As described above, the present invention provides the supply of the IC to the measurement unit,
Transport transfer and IC for storing IC from measuring unit
In a handler having a contact unit for making contact with an IC socket, an IC storage stage for storing ICs on an upper surface of a hand unit of the transfer transfer, a chucking unit for chucking ICs on a lower surface, and Of the pusher part of the contact unit
By providing a chucking section for chucking the IC on the surface where the IC contacts the IC socket, the supply of the IC to the measurement section and the storage of the IC from the measurement section can be performed simultaneously, and the index time can be reduced. Since the length can be shortened, there is also an effect of improving the processing capacity per unit time.
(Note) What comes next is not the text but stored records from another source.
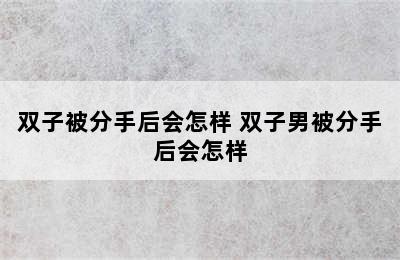 双子被分手后会怎样 双子男被分手后会怎样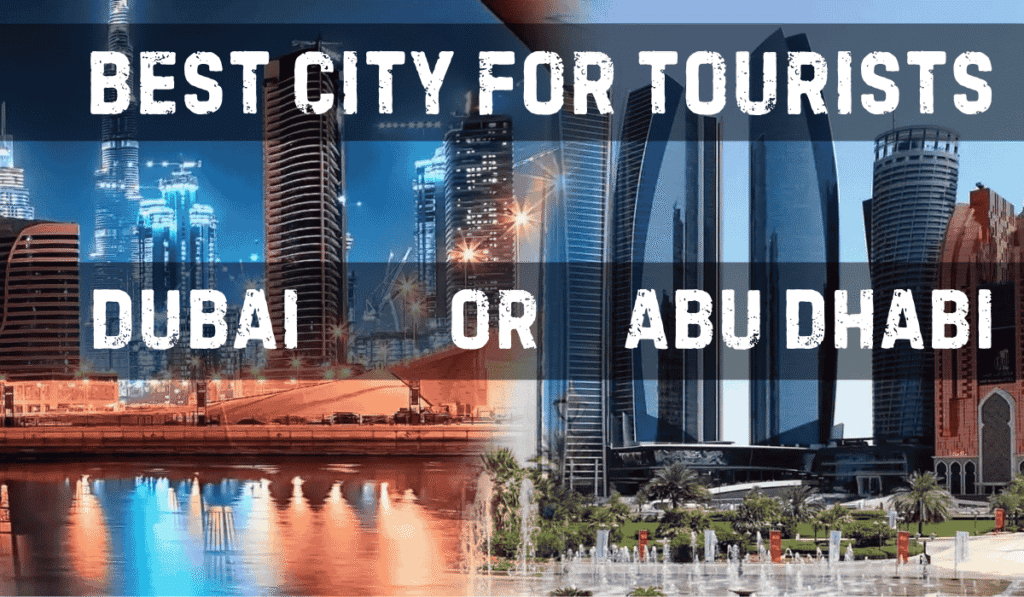 Dubai vs Abu Dhabi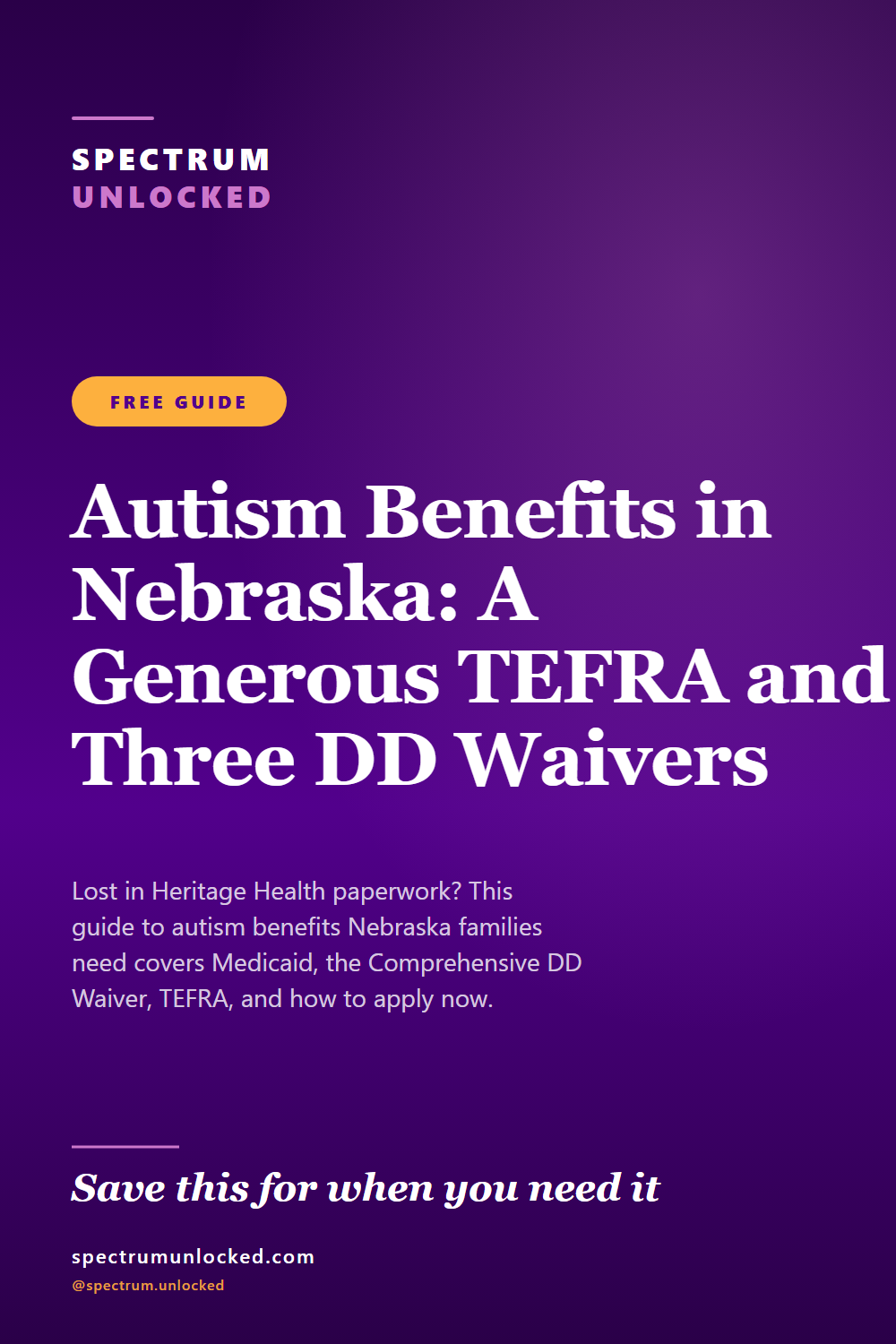 Pinterest pin: Autism Benefits in Nebraska: A Generous TEFRA and Three DD Waivers [2026]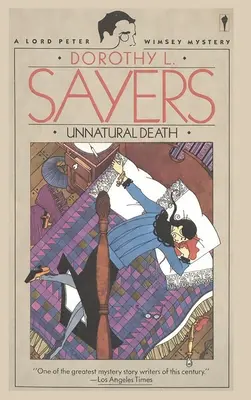 Neprirodzená smrť: Záhada lorda Petra Wimseyho - Unnatural Death: A Lord Peter Wimsey Mystery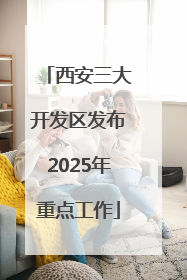 西安三大开发区发布2025年重点工作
[Brief description of the drawings]

FIG. 1 is a schematic plan view showing a first embodiment of the present invention, FIG. 2 is a schematic side view of the first embodiment, FIG. FIG. 4 is a schematic sectional view of a pusher portion of the contact unit of the first embodiment, FIG. 5 is a schematic sectional view of a hand portion of the measuring unit transfer of the second embodiment, and FIG. 6 is a contact unit of the second embodiment. FIG. 7 is a schematic plan view of a conventional example. 1 ...... Supply unit loader, 2 ... tray, 3 ... empty tray standby unit loader / unloader, 4 ... tray, 5 ... supply
Storage transfer, 6 ... Chucking part, 7 ... Vertical cylinder, 8 ... Hand part, 9 ... Bracket, 10 ...
… Positioning stage, 10a… Positioning part positioning stage, 10b …… Storage part positioning stage, 11… Measurement part transfer, 11a …… Measurement part supply transfer, 11b…
Measuring unit storage transfer, 12, 12a, 12b ... chucking unit, 13 ... vertical cylinder, 14, 14a, 14b ... hand unit,
15 Bracket, 16 IC socket, 17 Test board, 18 Contact unit, 19 Chucking part, 20 Vertical cylinder, 21 Pusher part, 22
... Bracket, 23 ... Unloader for non-defective product storage, 24 ... Tray, 25 ... Unloader for defective product storage, 26 ... Tray,
27… Handler base, 50… Hand base, 51…
Suction pad, 52 ... Suction pad support, 53 ... E-ring, 54 ... Spring, 55 ... Piping, 56 ... IC storage stage,
57 …… Protective block, 58… Finger, 59 …… Opening / closing cylinder, 60 …… Nut, 70 …… Pusher base, 70
a ... pusher base (1), 70b ... pusher base (2), 71 ... pusher, 72 ... suction pad, 73 ...
... Suction pad support, 74 ... E-ring, 75 ... Spring, 76
…… Piping, 77… Finger, 78… Opening / closing cylinder,
79 ... nut.

Claims (1)

(57) [Claims] An IC provided to a determination unit and a transfer transfer for supplying the IC to the measurement unit and storing the IC from the measurement unit.
Has a contact unit to contact the socket
In the IC handling device, a storage stage for storing the IC is provided on the upper surface of the hand portion of the transfer transfer,
An IC handling device comprising: a chucking portion for chucking an IC provided on a lower surface; and a chucking portion for chucking an IC on a surface of the contact unit which contacts the IC in a pusher portion of the contact unit.